**GIVEN INFORMATION:**

· · · · ·

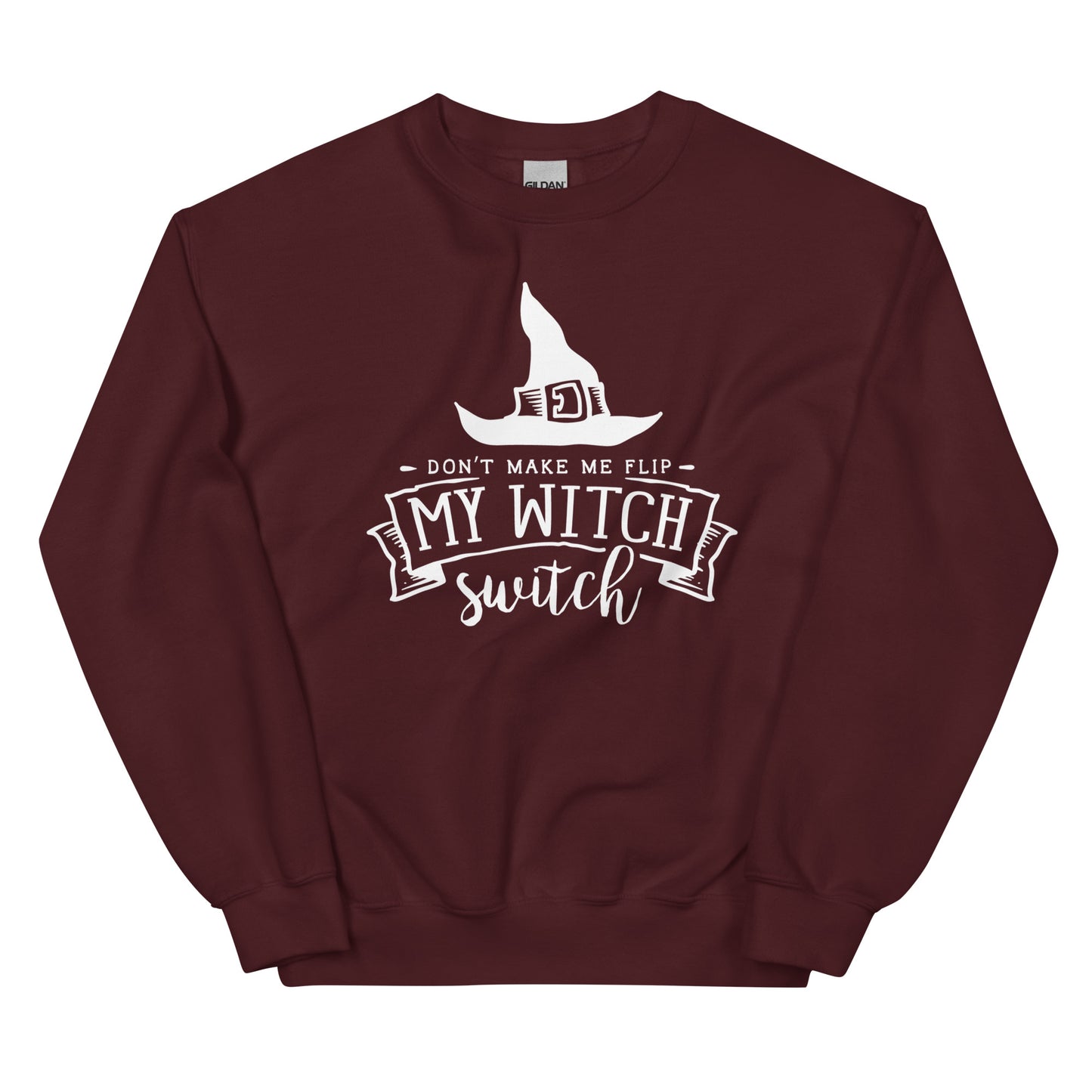 Playful "Don't Make Me Flip My Witch Switch" Unisex Crewneck Sweatshirt: Embrace the Magic of Halloween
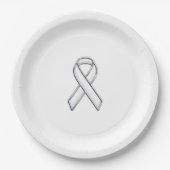 Chrome Print Belted White Ribbon Awareness Papieren Bordje (Voorkant)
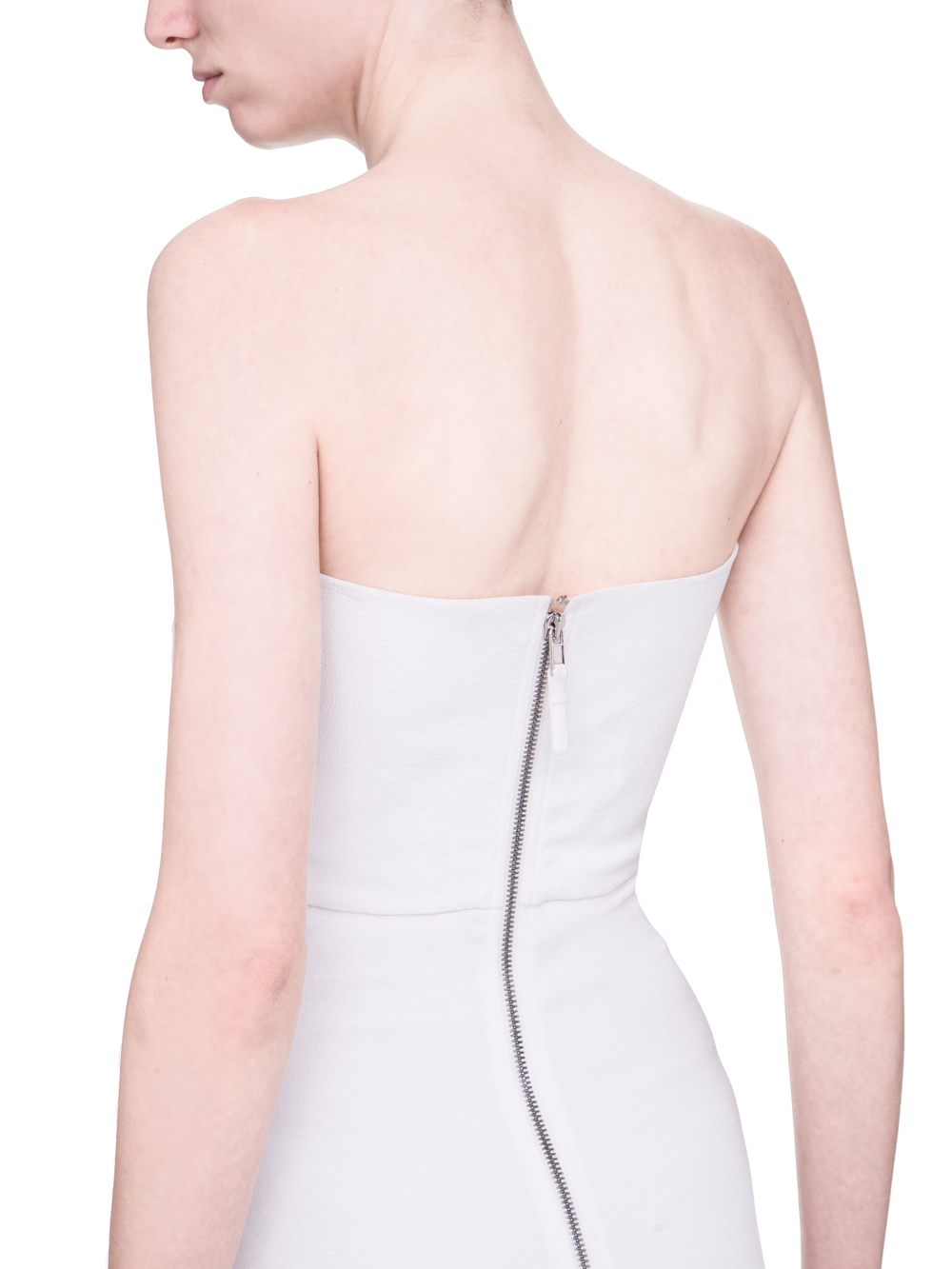 RICK OWENS SS19 BABEL BUSTIER GOWN IN MILK WHITE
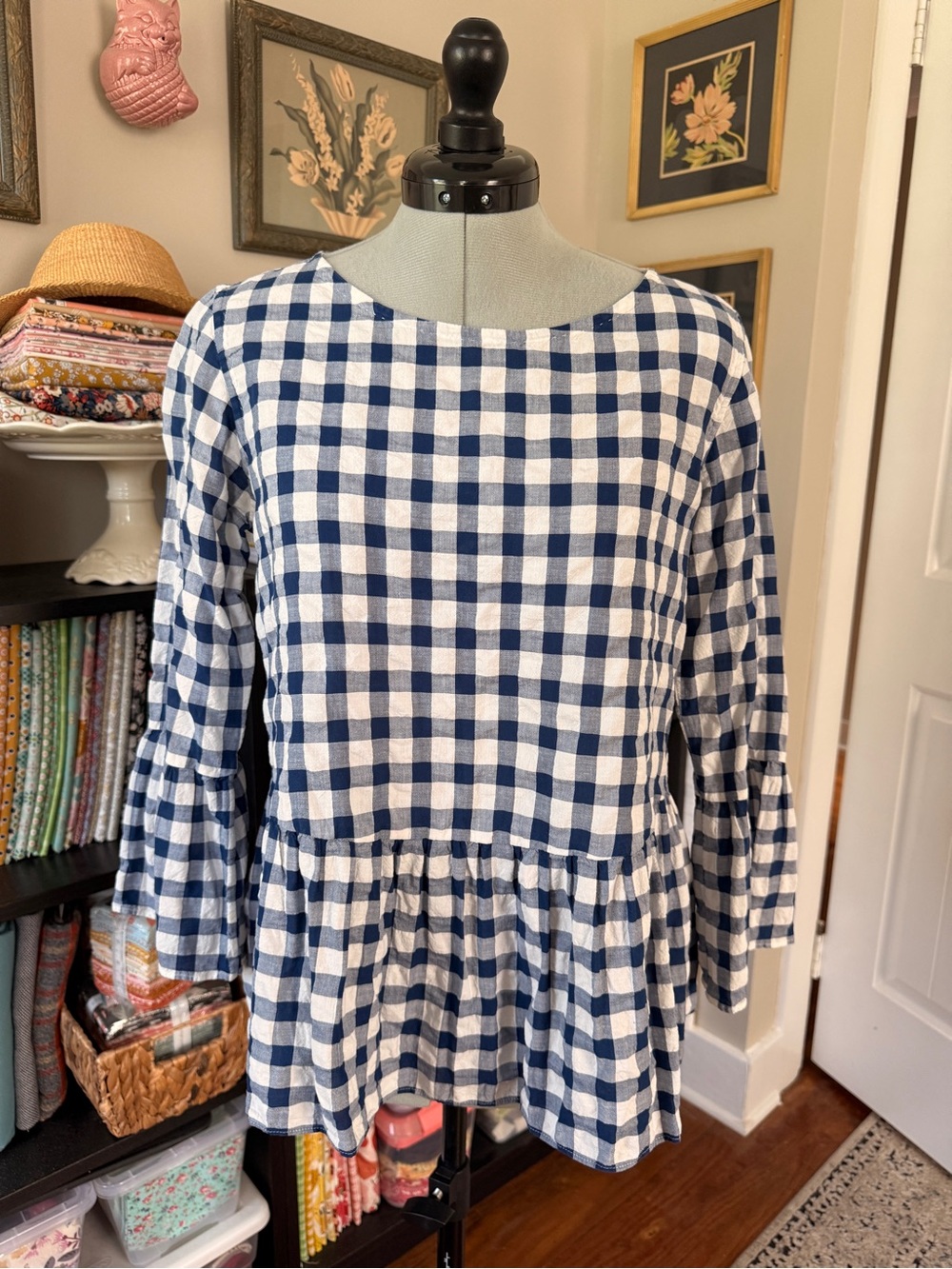Le Sarte Pettegole Navy Blue Gingham 100% Cotton Peplum Blouse - Made in Italy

· · · · ·

**YOUR TASK:**
Images stay out, but the rest of the data above must be repeated exactly.

**ANSWER TO THE EXERCISE:**
 Playful "Don't Make Me Flip My Witch Switch" Unisex Crewneck Sweatshirt: Embrace the Magic of Halloween
 Chrome Print Belted White Ribbon Awareness Papieren Bordje (Voorkant)
 RICK OWENS SS19 BABEL BUSTIER GOWN IN MILK WHITE
Le Sarte Pettegole Navy Blue Gingham 100% Cotton Peplum Blouse - Made in Italy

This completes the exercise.